Alkalinity and calcium are tied together by the ratio of the buffering ions that are in saltwater. The B Ionic product is a "2 part" product because one part adjusts calcium and the other part adjusts the other buffering ions. 

The Kent product can be used in a similar manor, by using Super Buffer DKH and using the Calcium Chloride liquid supplement. 

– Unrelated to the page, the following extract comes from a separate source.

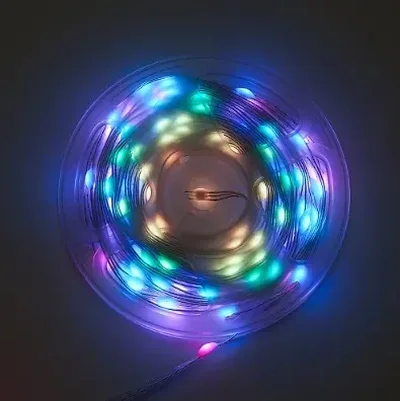 Гирлянда линейная Feron CL593 Smart, 10м USB + Пульт ДУ RGB, прозрачный шнур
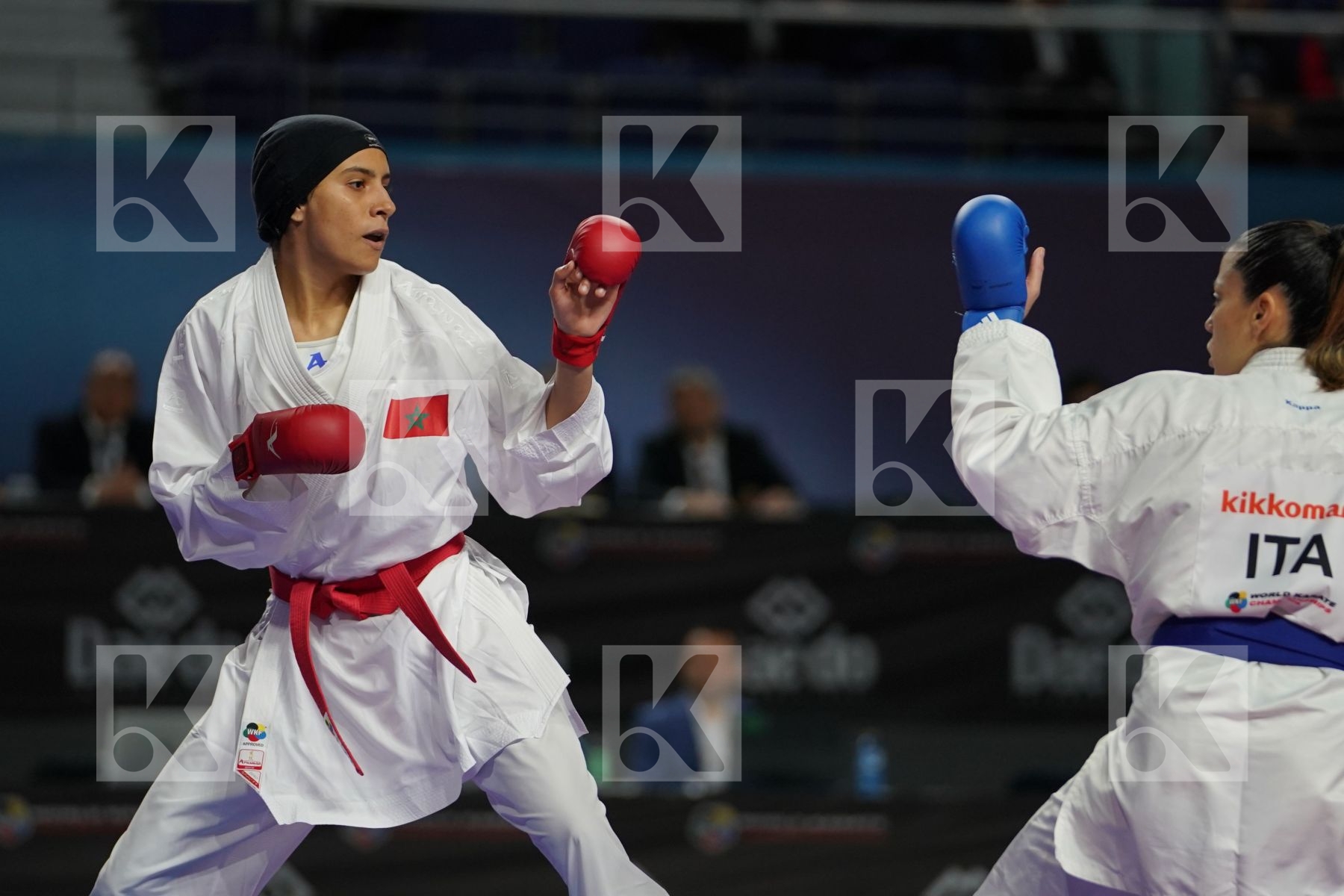 BTISSAM SADINI (MOROCCO) vs LAURA PASQUA (ITALY) in Senior Kumite Ð 61 Kg - Bronze bout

You should never adjust calcium or adjust alkalinity without a routine for adjusting both. When you have this routine in place, tehre will not be any resaon for using the Purple Up product, as good coraline growth will result.


----------



## stanley888 (Feb 17, 2010)

API test kit arrive today
Calcium 480
dKH 12
nitrate 10


----------



## Pasfur (Mar 29, 2008)

stanley888 said:


> API test kit arrive today
> Calcium 480
> dKH 12
> nitrate 10


Very nice. Give it a couple months and the Nitrates should start to drop. You are right where you want to be on Calcium and alkalinity. Don't add anything until you see a drop. I would suggest testing every other day for now on calcium and alkalinity so that you can try to see a pattern in when you need to add supplements.


----------



## stanley888 (Feb 17, 2010)

add some coral

Green hairy mushroom









frag frogspawn









frag pom pom xenia









frag purple paly









percula clownfish


----------



## Pasfur (Mar 29, 2008)

You got a very loud moan from me when i read this. I probably woke up my wife LOL. Frogspawn is excruciatingly difficult to care for. You could have purchased a Hammer Colony, which looks nearly identical, and is extremely easy to keep. 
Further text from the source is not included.